While there were numerous themes over the two-days, one of the key questions that these discussions and debates raised for me related not to the changes for students, but to the changing role and needs of teachers in a more systemic approach to personalized learning. What struck me was this thought: if we truly want to move to a method of personalized learning for our students, does it not stand to reason that the way that teachers gain their continued professional development as life-long learners must also evolve?

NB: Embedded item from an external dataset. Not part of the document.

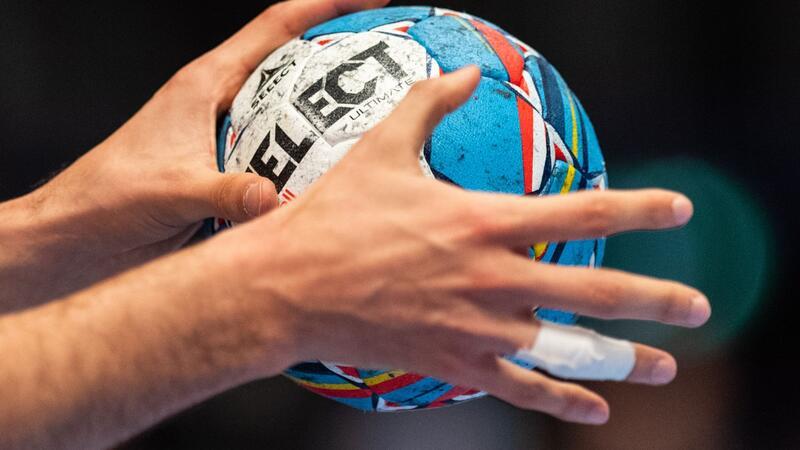 Ein Handballer hält den Spielball in den Händen.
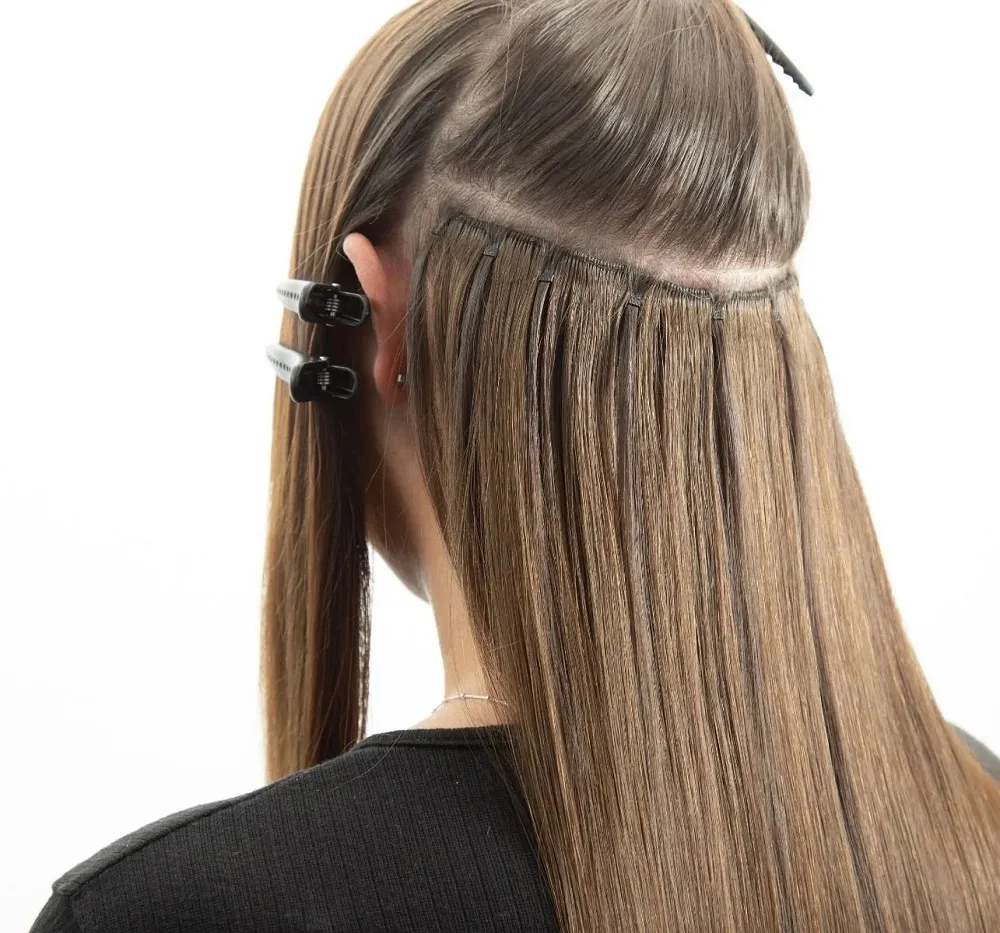 Why Human Hair Tape in Extensions Are Popular in the UK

Much of the two-days focused on the fact that the way we teach our children has evolved little in the past many decades--it remains teaching within a box that focuses on a factory model. But couldn’t the same be said of the way that we support teacher professional development? If the goal of personalized learning for students is to meet these learners where they are at and then walk beside them to facilitate learning through different modalities and around varying areas of interests, shouldn’t we be modeling this approach in the ways that LEAs facilitate and encourage teacher development? Certainly there are teachers who proactively seek their own methods and learning communities for continued growth, but is that enough if we expect to impact real change in delivering more personalized learning to our children? Let’s challenge ourselves to consider new and innovative ways to provide the support systems needed for this evolving approach to education.